The following letter, on the subject of player safety in rugby union and the state of the current game, was sent into The Yorkshire Post sports desk by Dave Walton from Alwoodley, Leeds.
Harlequins' Elia Elia and Joe Marler as a scrum breaks up during the Gallagher Premiership Rugby match against London Irish at Twickenham Stoop on January 10. (Photo by Steve Bardens/Getty Images)Harlequins' Elia Elia and Joe Marler as a scrum breaks up during the Gallagher Premiership Rugby match against London Irish at Twickenham Stoop on January 10. (Photo by Steve Bardens/Getty Images)
Harlequins' Elia Elia and Joe Marler as a scrum breaks up during the Gallagher Premiership Rugby match against London Irish at Twickenham Stoop on January 10. (Photo by Steve Bardens/Getty Images)

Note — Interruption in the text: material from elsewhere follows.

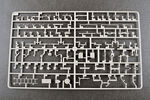 tru01067-15.jpg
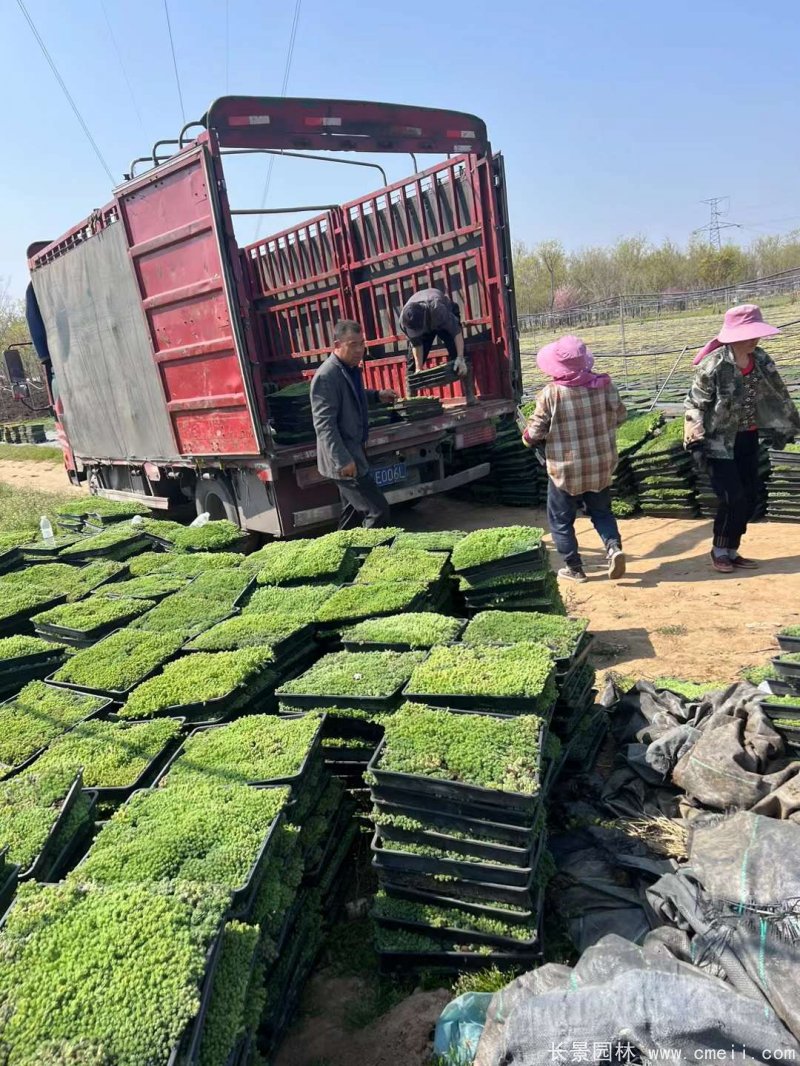 中華景天托盤(pán)苗 中華景天托盤(pán)苗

He writes: Currently, press comment is full of discussion regarding the lack of protection for players who have required head injury assessments and are now in later life suffering the consequences of such injuries.

According to the Sunday Times, the England coach came out with the comment “I don't think the game at the moment is unsafe.”

Surely that is a crass comment to have made.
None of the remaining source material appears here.